How does np.transpose() permute the axis

I am trying to visualize the images in one batch of the data loader. I got this code snippet from Pytorch official site.

def imshow(inp, title=None):
    """Imshow for Tensor."""
    inp = inp.numpy().transpose((1,2,0))
    print(inp.shape)
    plt.imshow(inp)
    if title is not None:
         plt.title(title)
    # plt.pause(0.001)  # pause a bit so that plots are updated

# Get a batch of training data
image, label = next(iter(train_loader))
print(image.shape)
#print(label)
# Make a grid from batch
out = torchvision.utils.make_grid(image)
imshow(out, title=[label[x] for x in label])

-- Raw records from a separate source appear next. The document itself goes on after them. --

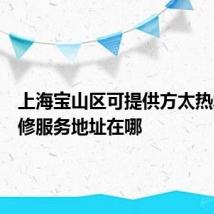 上海宝山区可提供方太热水器维修服务地址在哪
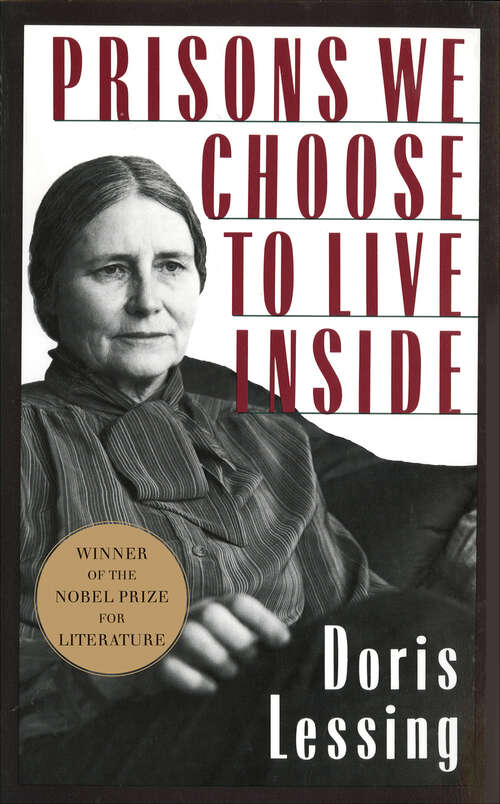 Book cover of Prisons We Choose to Live Inside (Cornelia & Michael Bessie)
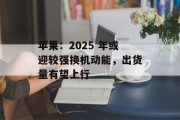 苹果:2025 年或迎较强换机动能,出货量有望上行 苹果:2025 年或迎较强换机动能,出货量有望上行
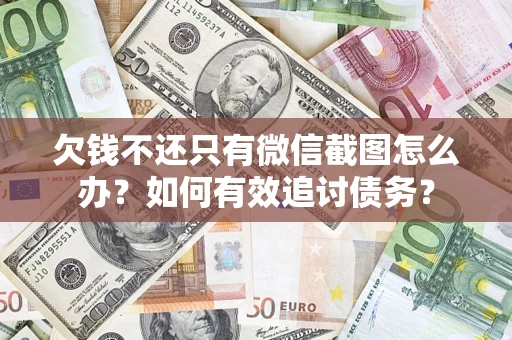 武汉欠钱不还只有微信截图怎么办？如何有效追讨债务？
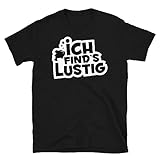 Ich find's lustig Short-Sleeve Unisex T-S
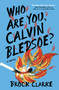 Who Are You, Calvin Bledsoe? (A Novel) by Brock Clarke, 9781643750781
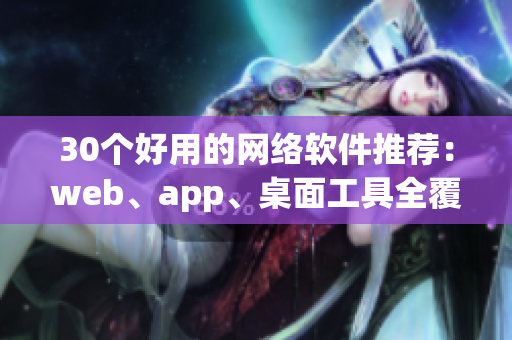 30個好用的網(wǎng)絡軟件推薦：web、app、桌面工具全覆蓋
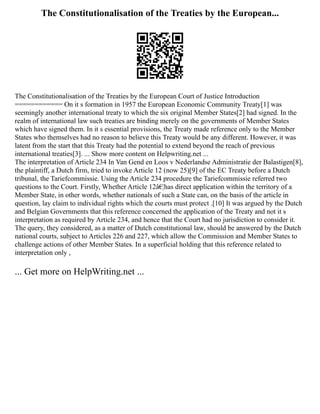 The Constitutionalisation of the Treaties by the European...
The Constitutionalisation of the Treaties by the European Court of Justice Introduction
============ On it s formation in 1957 the European Economic Community Treaty[1] was
seemingly another international treaty to which the six original Member States[2] had signed. In the
realm of international law such treaties are binding merely on the governments of Member States
which have signed them. In it s essential provisions, the Treaty made reference only to the Member
States who themselves had no reason to believe this Treaty would be any different. However, it was
latent from the start that this Treaty had the potential to extend beyond the reach of previous
international treaties[3]. ... Show more content on Helpwriting.net ...
The interpretation of Article 234 In Van Gend en Loos v Nederlandse Administratie der Balastigen[8],
the plaintiff, a Dutch firm, tried to invoke Article 12 (now 25)[9] of the EC Treaty before a Dutch
tribunal, the Tariefcommissie. Using the Article 234 procedure the Tariefcommissie referred two
questions to the Court. Firstly, Whether Article 12â€¦has direct application within the territory of a
Member State, in other words, whether nationals of such a State can, on the basis of the article in
question, lay claim to individual rights which the courts must protect .[10] It was argued by the Dutch
and Belgian Governments that this reference concerned the application of the Treaty and not it s
interpretation as required by Article 234, and hence that the Court had no jurisdiction to consider it.
The query, they considered, as a matter of Dutch constitutional law, should be answered by the Dutch
national courts, subject to Articles 226 and 227, which allow the Commission and Member States to
challenge actions of other Member States. In a superficial holding that this reference related to
interpretation only ,
... Get more on HelpWriting.net ...
 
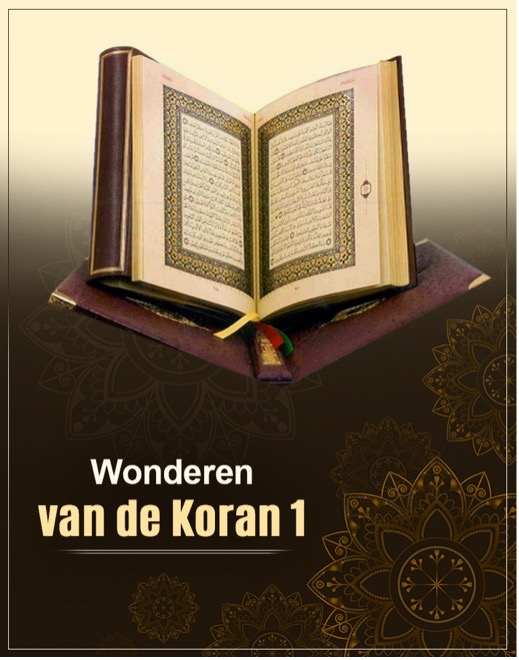 Wonderen van de Koran 1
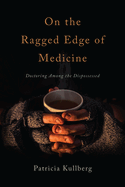 On the Ragged Edge of Medicine: Doctoring Among the Dispossessed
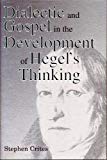 Book Dialectic And Gospel In The Development Of Hegel's Thinking free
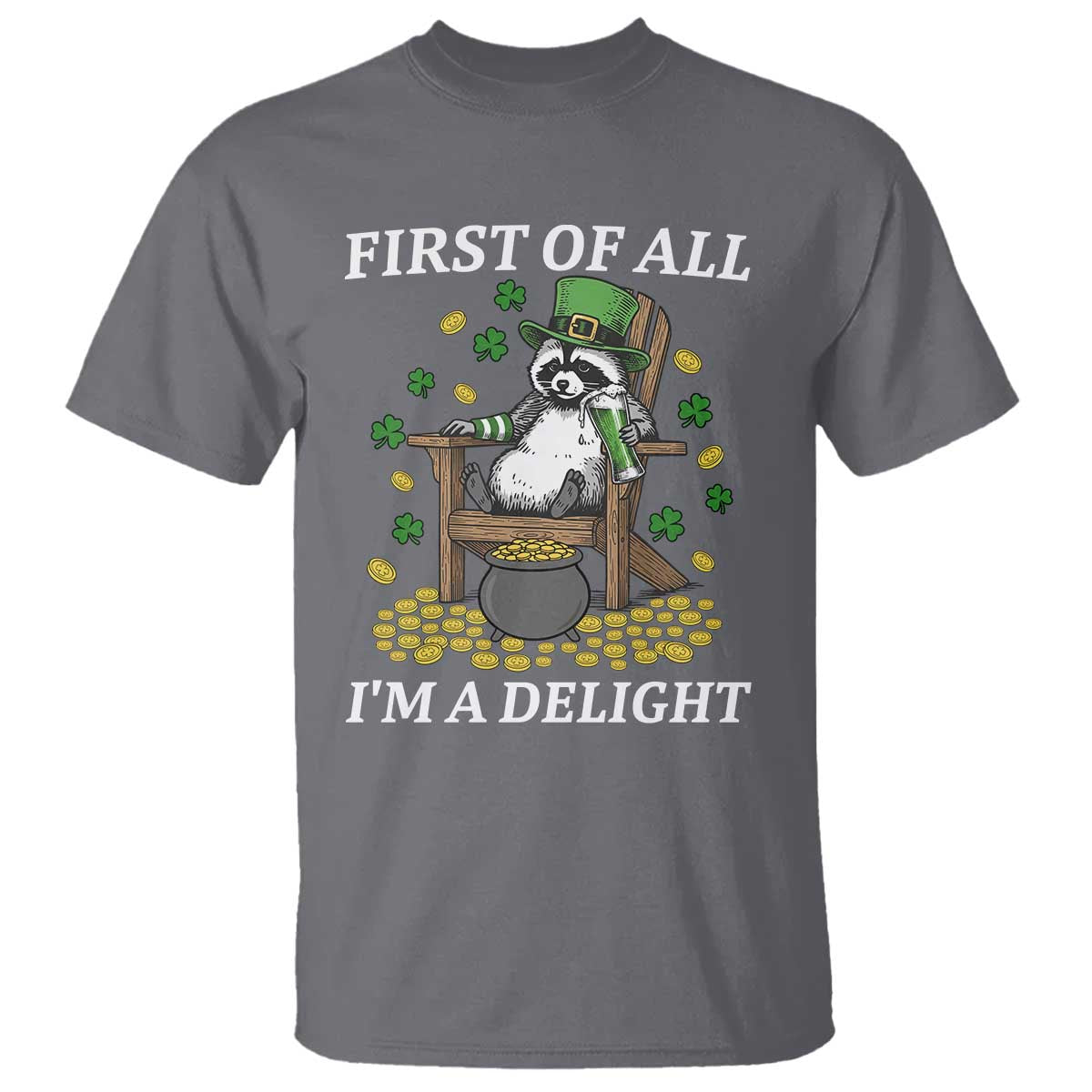 Funny St Patricks Day Raccoon Drinking Beer T Shirt First Of All I Am Delight TS14 Charcoal Print Your Wear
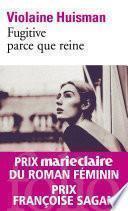 Fugitive parce que reine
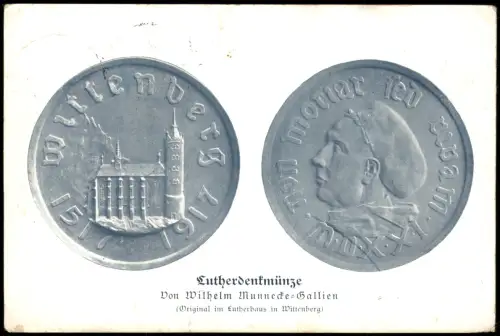 Lutherstadt Wittenberg Lutherdenkmünze von Wilhelm Munnecke-Gallien 1917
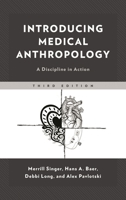 Introducing Medical Anthropology: A Discipline in Action 0759120897 Book Cover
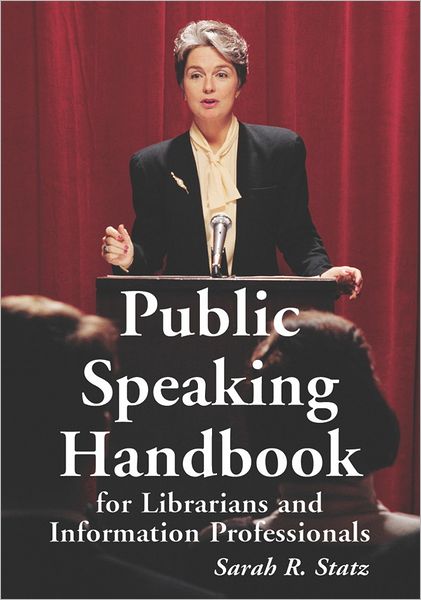 Public Speaking Handbook for Librarians and Information Professionals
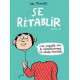 SE RETABLIR - T01 - SE RETABLIR - UNE ENQUETE SUR LE RETABLISSEMENT EN SANTE MENTALE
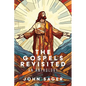 The Gospels Revisited: An Anthology - Paperback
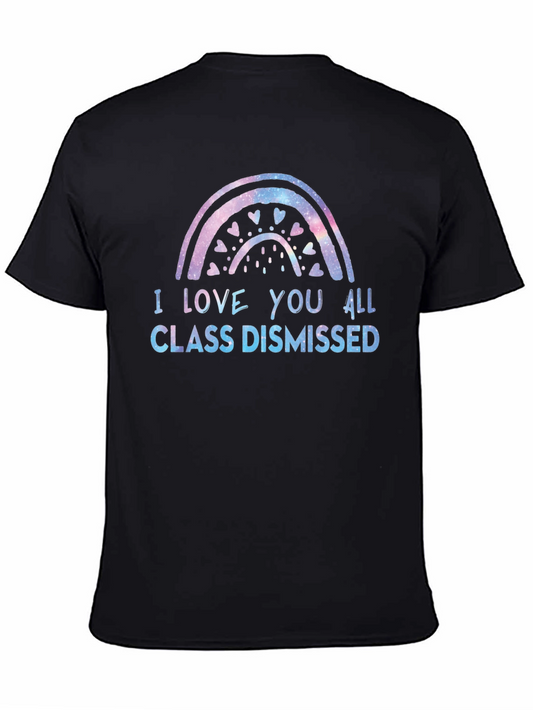 Camiseta Negra I Love You All Class Dismissed
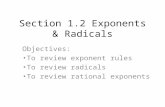 Section 1.2 Exponents & Radicals Objectives: To review exponent rules To review radicals To review rational exponents.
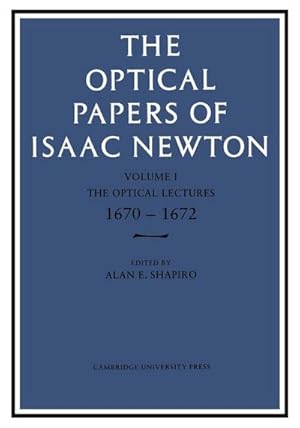 Seller image for The Optical Papers of Isaac Newton, Volume 1 : The Optical Lectures, 1670-1672 for sale by AHA-BUCH GmbH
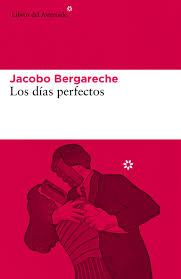 Portada del libro LOS DÍAS PERFECTOS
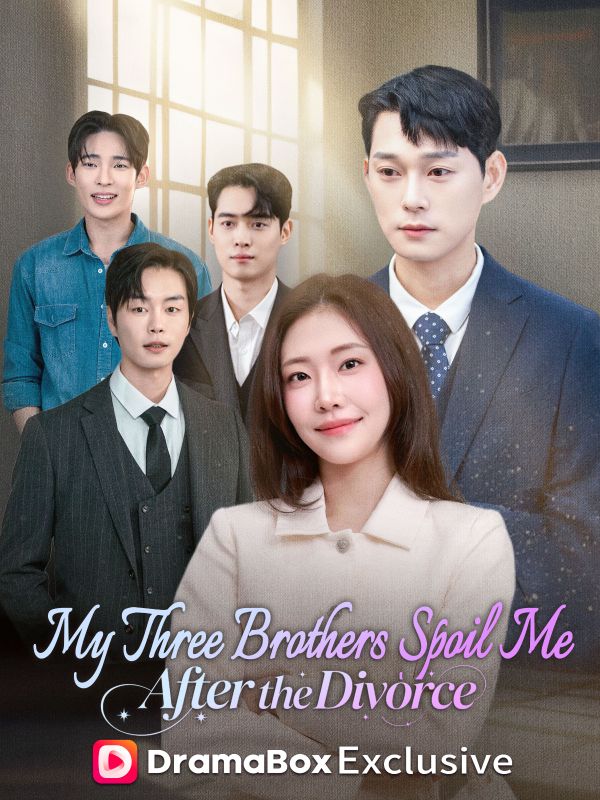 After the Divorce, My Three Brothers Spoil Me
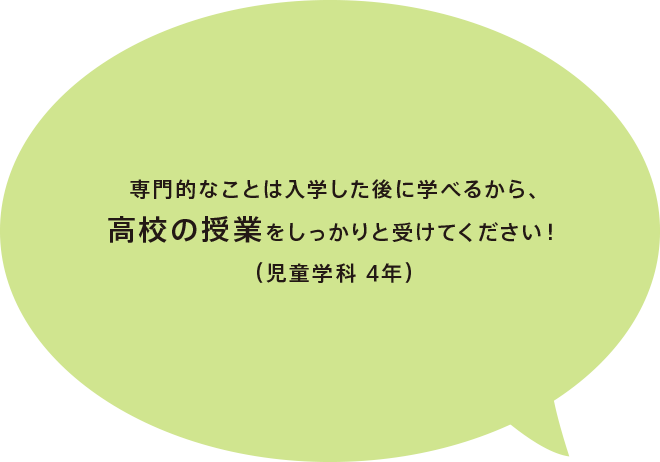 専門的なことは入学した後に学べるから、高校の授業をしっかりと受けてください！（児童学科 4年）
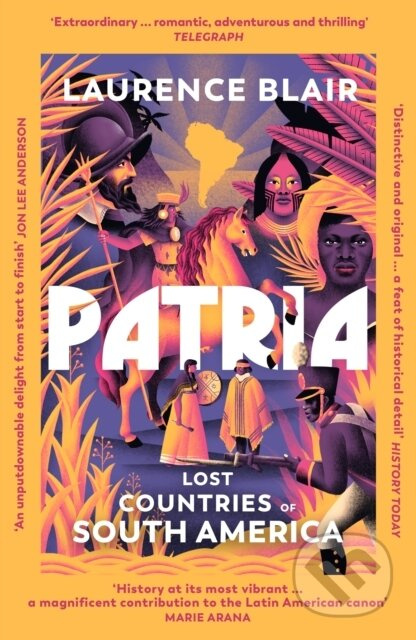 Patria (Lost Countries of South America) - Laurence Blair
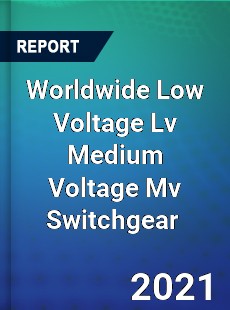 Low Voltage Lv Medium Voltage Mv Switchgear Market
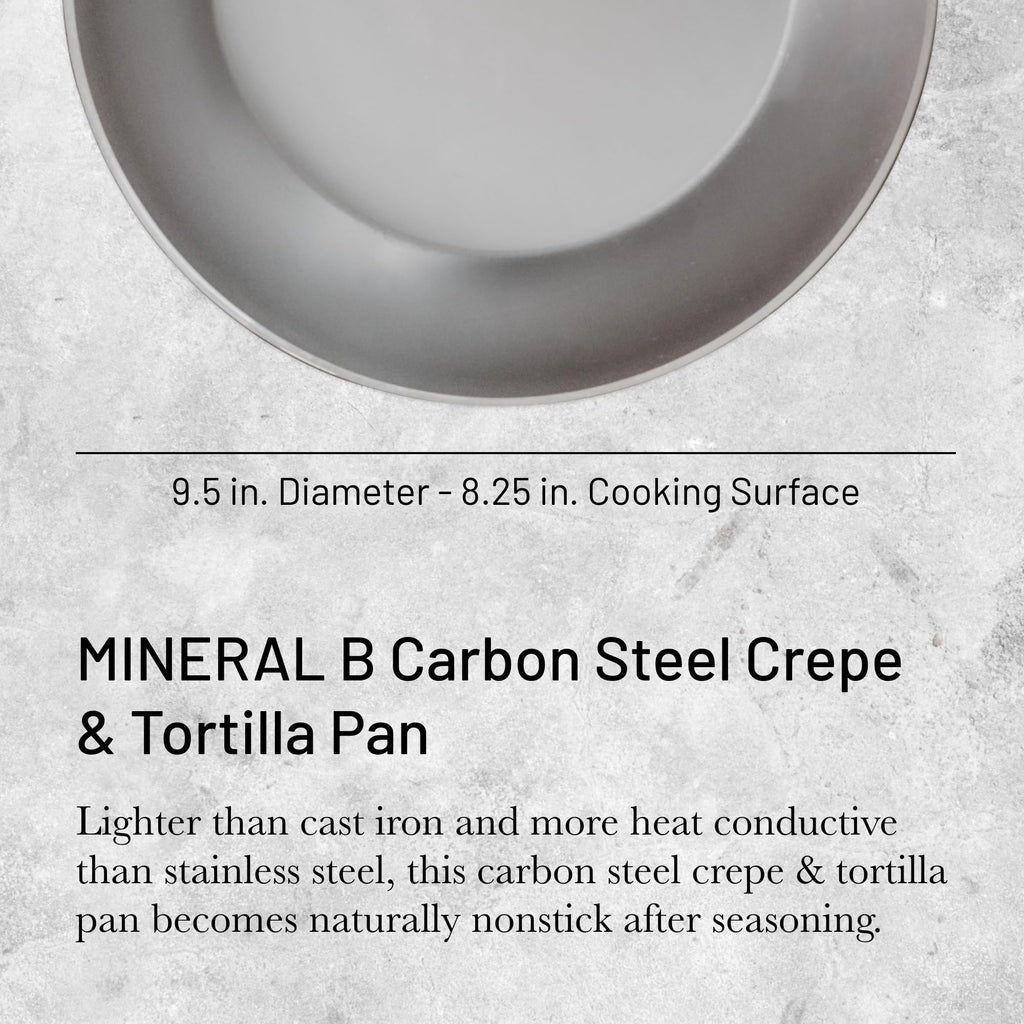 de Buyer MINERAL B Carbon Steel Crepe & Tortilla Pan - 9.5” Diameter, 8.25” Cooking Surface - Ideal for Making & Reheating Crepes, Tortillas & Pancakes - Naturally Non-Stick Finish - Made in France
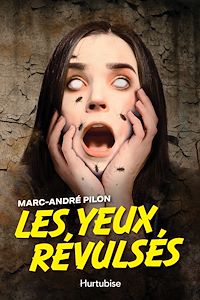 Téléchargez le livre :  Les Yeux révulsés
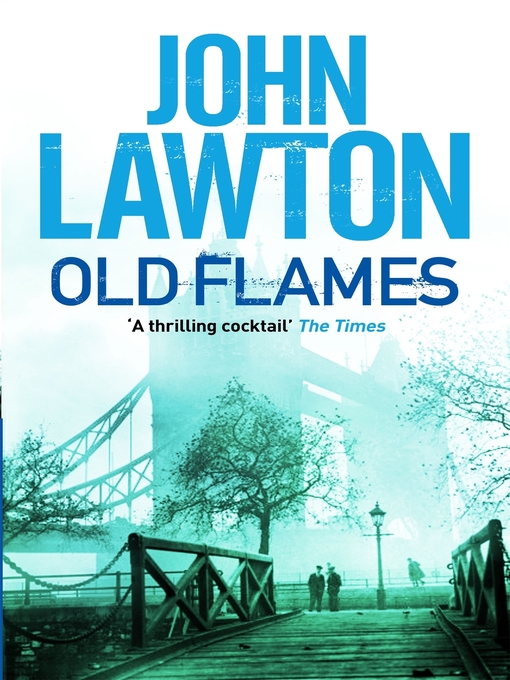 Title details for Old Flames by John Lawton - Available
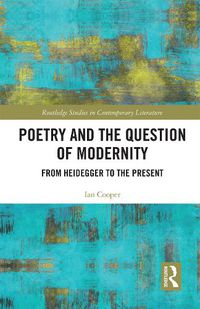 Cover image for Poetry and the Question of Modernity: From Heidegger to the Present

However, I am not able to understand inp.numpy().transpose((1,2,0)), what transpose is doing here. I know that it permutes the axis. However, the corresponding tensor shape is torch.Size([4, 3, 224, 224]). In that case (1,2,0) corresponds to 3,224,4. Then how imshow is correctly displaying images?

Apart from that, the shape of the tensor image is 3,224,224. but when it is being transformed to ndarray why the shape is being changed to (228, 906, 3). Should it become 224, 224, 3.

Hi Aleemsidra!

You should get an error here. You need to pass four axes to numpy’s
transpose() to transpose a 4-d tensor.

I have no idea where your (228, 906, 3) is coming from. I get
(244, 244, 3), which is what you expect and want. (matplotlib’s
imshow() wants the three color channels as the last dimension,
rather than the first. That’s the purpose of the transpose().)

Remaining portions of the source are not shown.